His major work is in the fields of political sociology, trade union organization, social stratification, public opinion, and the sociology of intellectual life. He has also written extensively about the conditions for democracy in comparative perspective.
His most recent publications are American Exceptionalism: A Double-Edged Sword (W.W. Norton, 1996) and Continental Divide: The Values and Institutions of the United States and Canada (Routledge, 1990), and with Earl Raab Jews and the New American Scene (Harvard University press, 1996).
Lipset received the MacIver Prize for Political Man and the Gunnar Myrdal Prize for The Politics of Unreason. His book The First New Nation was a finalist for the National Book Award. He was also awarded the Townsend Harris and Margaret Byrd Dawson Medals for significant achievement, the Northern Telecom-International Council for Canadian Studies Gold Medal, and the Leon Epstein Prize in Comparative Politics by the American Political Science Association. He has received the Marshall Sklare Award for distinction in Jewish studies. In 1997, he was awarded the Helen Dinnerman Prize by the World Association for Public Opinion Research.
Lipset has been elected to various honorific societies in the United States and abroad: the National Academy of Sciences, the American Philosophical Society, the National Academy of Education, and the American Academy of Arts and Sciences, in which he served as vice president for the social sciences.
He is the only person to have been president of both the American Sociological Association (1992–93) and the American Political Science Association (1979–80). He has also served as the president of the International Society of Political Psychology, the Sociological Research Association, the World Association for Public Opinion Research, and the Society for Comparative Research. He is currently the president of the Paul F. Lazarsfeld Society in Vienna.
He is the author or coauthor of numerous books and monographs. Translations of some of these have appeared in eighteen languages. In addition, he has edited twenty-four books and published more than four hundred articles.
Lipset is also active in public affairs on a national level. He is currently a director of the United States Institute of Peace.
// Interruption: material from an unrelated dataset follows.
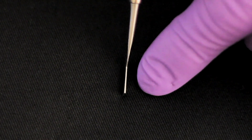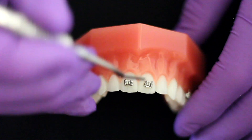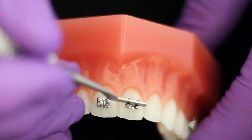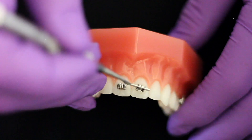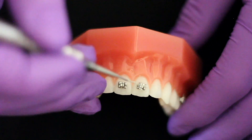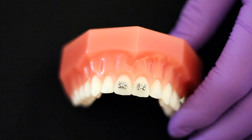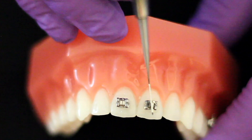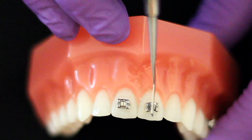It is not tapered like a lot of other instruments. The reason for the parallel sided design is that it allows the operator to maneuver the bracket into the desired position without the end binding in the slot. It can be used with either an 018 or 020 slot, and the long axis of the hockey end is very helpful in aligning the long axis of the bracket with the long axis of the tooth.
He has been a member of the U.S. Board of Foreign Scholarships, cochair of the Committee for Labor Law Reform, cochair of the Committee for an Effective UNESCO, and consultant to the National Endowment for the Humanities, the National Humanities Institute, the National Endowment for Democracy, and the American Jewish Committee.
He has been president of the American Professors for Peace in the Middle East, chair of the National B'nai B'rith Hillel Commission and the Faculty Advisory Cabinet of the United Jewish Appeal, and cochair of the Executive Committee of the International Center for Peace in the Middle East.